**Exercise prompt**
Skip the pictures. Give all the data again exactly.

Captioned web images
%%

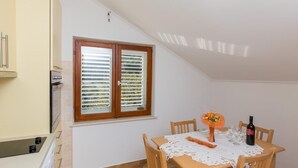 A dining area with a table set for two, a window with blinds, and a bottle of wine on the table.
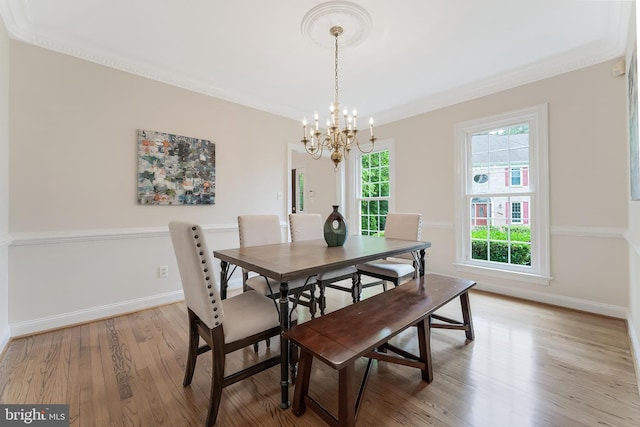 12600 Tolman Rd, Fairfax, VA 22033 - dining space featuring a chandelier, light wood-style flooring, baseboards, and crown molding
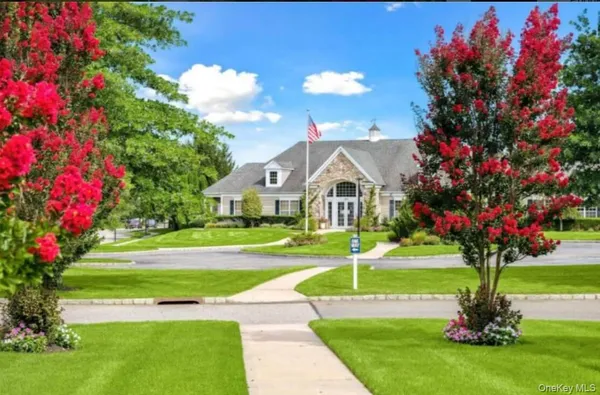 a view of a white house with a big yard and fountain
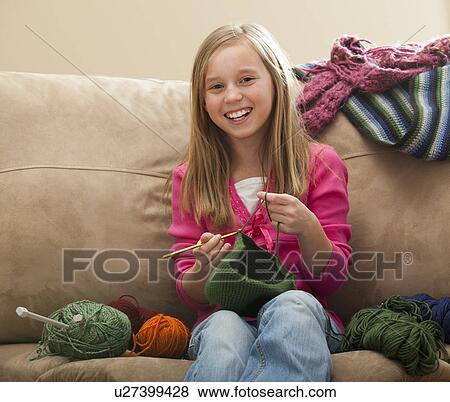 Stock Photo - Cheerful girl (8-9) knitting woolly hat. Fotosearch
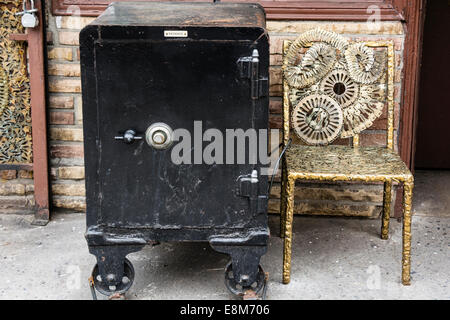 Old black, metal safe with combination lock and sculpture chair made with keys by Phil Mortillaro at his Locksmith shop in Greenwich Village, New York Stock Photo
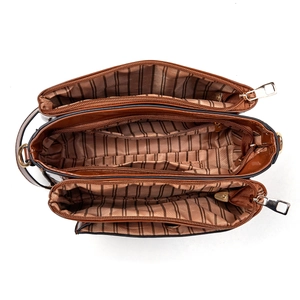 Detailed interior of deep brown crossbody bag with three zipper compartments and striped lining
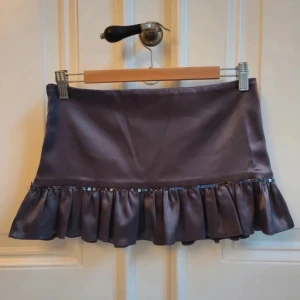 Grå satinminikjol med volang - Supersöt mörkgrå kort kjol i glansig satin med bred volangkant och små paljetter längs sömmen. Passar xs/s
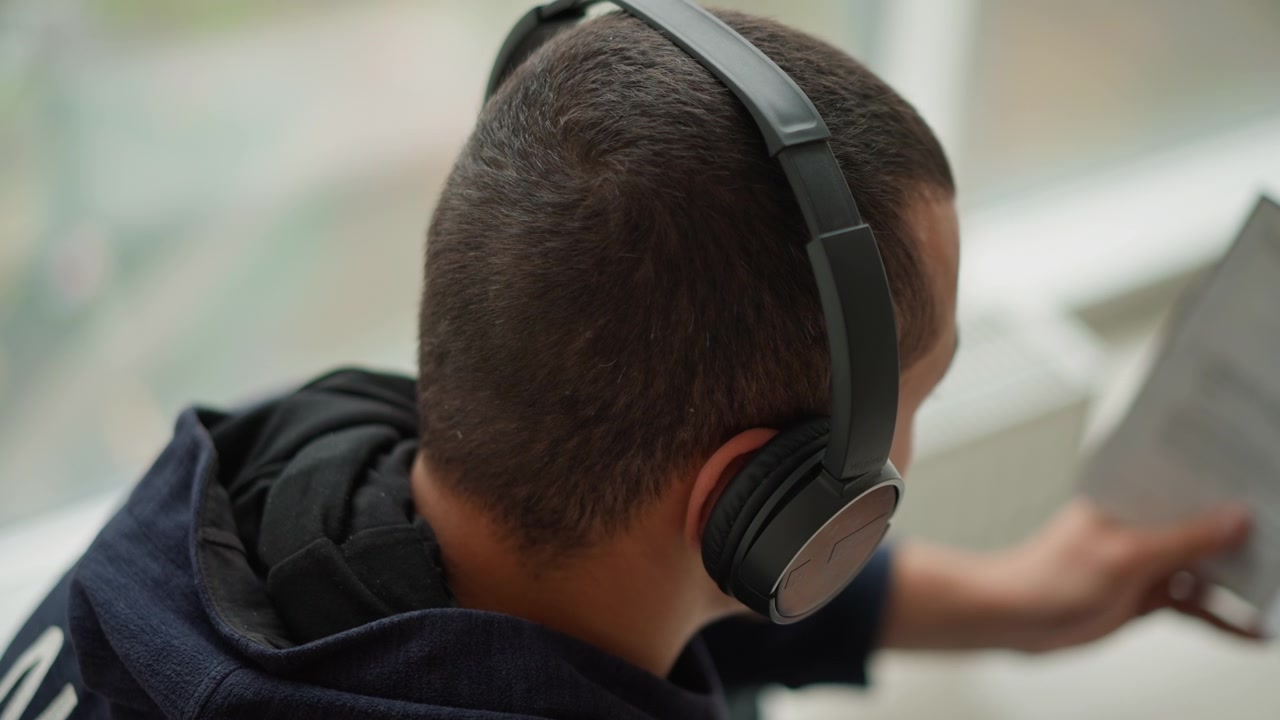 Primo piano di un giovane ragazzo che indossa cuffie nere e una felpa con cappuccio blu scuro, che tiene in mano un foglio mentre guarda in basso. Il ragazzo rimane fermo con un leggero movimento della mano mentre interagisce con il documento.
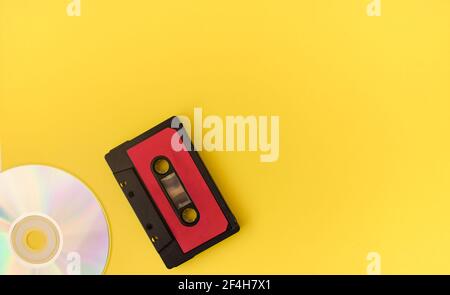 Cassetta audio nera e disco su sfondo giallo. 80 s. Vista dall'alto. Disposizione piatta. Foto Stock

%%

**Written response**
 A dining area with a table set for two, a window with blinds, and a bottle of wine on the table.
 12600 Tolman Rd, Fairfax, VA 22033 - dining space featuring a chandelier, light wood-style flooring, baseboards, and crown molding
 a view of a white house with a big yard and fountain
 Stock Photo - Cheerful girl (8-9) knitting woolly hat. Fotosearch
 Old black, metal safe with combination lock and sculpture chair made with keys by Phil Mortillaro at his Locksmith shop in Greenwich Village, New York Stock Photo
 Detailed interior of deep brown crossbody bag with three zipper compartments and striped lining
 Grå satinminikjol med volang - Supersöt mörkgrå kort kjol i glansig satin med bred volangkant och små paljetter längs sömmen. Passar xs/s
 Primo piano di un giovane ragazzo che indossa cuffie nere e una felpa con cappuccio blu scuro, che tiene in mano un foglio mentre guarda in basso. Il ragazzo rimane fermo con un leggero movimento della mano mentre interagisce con il documento.
 Cassetta audio nera e disco su sfondo giallo. 80 s. Vista dall'alto. Disposizione piatta. Foto Stock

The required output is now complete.